The knowledge that sudden death might come at any time hung over the family. Melville and his son almost never wrote each other—Lucille handled the intrafamily correspondence—but when Richard first accepted the Cornell professorship he sent his father a letter expressing twenty-five years of love and gratitude, and Melville, moved, responded in kind. His chest was swelled with pride, he wrote (while Lucille complained that he was wasting paper by writing on only one side):

It is not so easy for a Dope of a father to write to a son who has already arrived to a state of learning and wisdom beyond his… . That was all right when you were small and I had a great advantage over you—but today it would be more equitable if I could bask in the sunlight of
your
knowledge, and sit by your side and learn from you some of the more wondrous secrets of nature that now are beyond my ken but are known to you.

On October 7 he collapsed from a stroke. He died the next day. Richard signed his second death certificate in two years. Melville Feynman had written him: “The dreams I have often had in my youth for
my
own development, I see coming true in your career… . I envy the life of culture you will have being constantly with so many other big men of equal culture.”

The interment took place at Bayside Cemetery nearby in Queens, a vast rolling field of gravestones and monuments as far as the eye could see. Lucille’s father had built a mausoleum there, a stone hut like a small bomb shelter. Midway through the ceremony Rabbi Cahn asked Richard, as eldest son, to say the Kaddish with him. Joan watched in anguish as her brother’s face froze. He wanted no part of a mourners’ prayer in praise of God.

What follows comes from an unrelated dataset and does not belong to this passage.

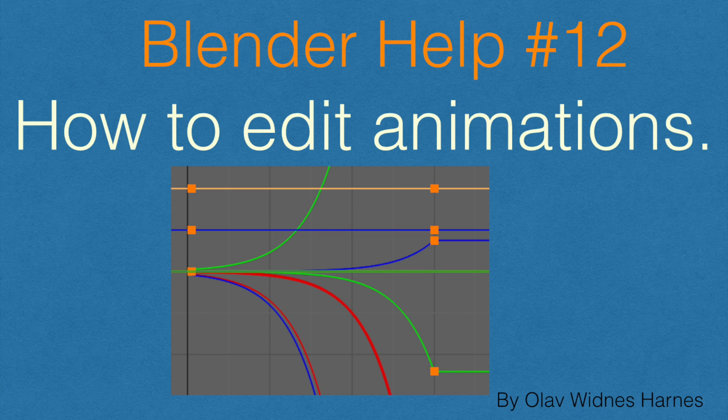Hey everyone, my name is Olap and today I'm going to show you how to edit animations in Blender. This is part of my Blender help series, so let's get started.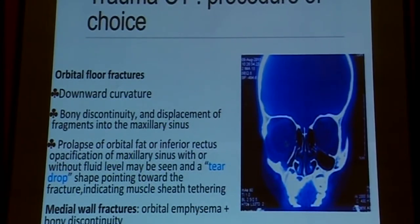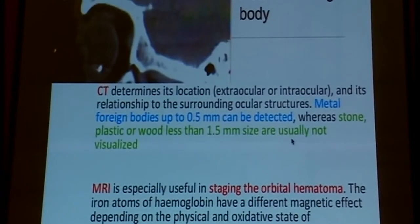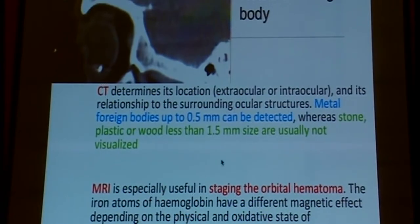You can very clearly see - it's so easy to identify an orbital floor fracture. You can see the teardrop sign. You can pick up a medial wall fracture as well. Also, if there is a foreign body, 0.5 mm of a metallic foreign body can be picked up by a CT scan. Whereas if it's a plastic or wood foreign body, maybe a larger size would be picked up.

He told the rabbi he did not understand the Hebrew. Cahn merely switched to English. Richard listened to the words and refused to repeat them. He did not believe in God; he knew that his father had not believed in God; and the hypocrisy seemed unbearable. His disbelief had nothing of indifference in it. It was a determined, coolly rational disbelief, a conviction that the myths of religion cheated knowledge. He stood there surrounded by stone and grass near the undersized sepulchral vaults, assembled one atop another, that held the bones of his grandparents. One shelf, too, held the remains of his infant brother, Henry, memorialized now for twenty-two years after his life of one month. On Feynman’s face was a look of tension and determination and also, it seemed to Joan at that moment, utter isolation. Leaving his father’s coffin, he exploded in a rage. Their mother broke down and wept.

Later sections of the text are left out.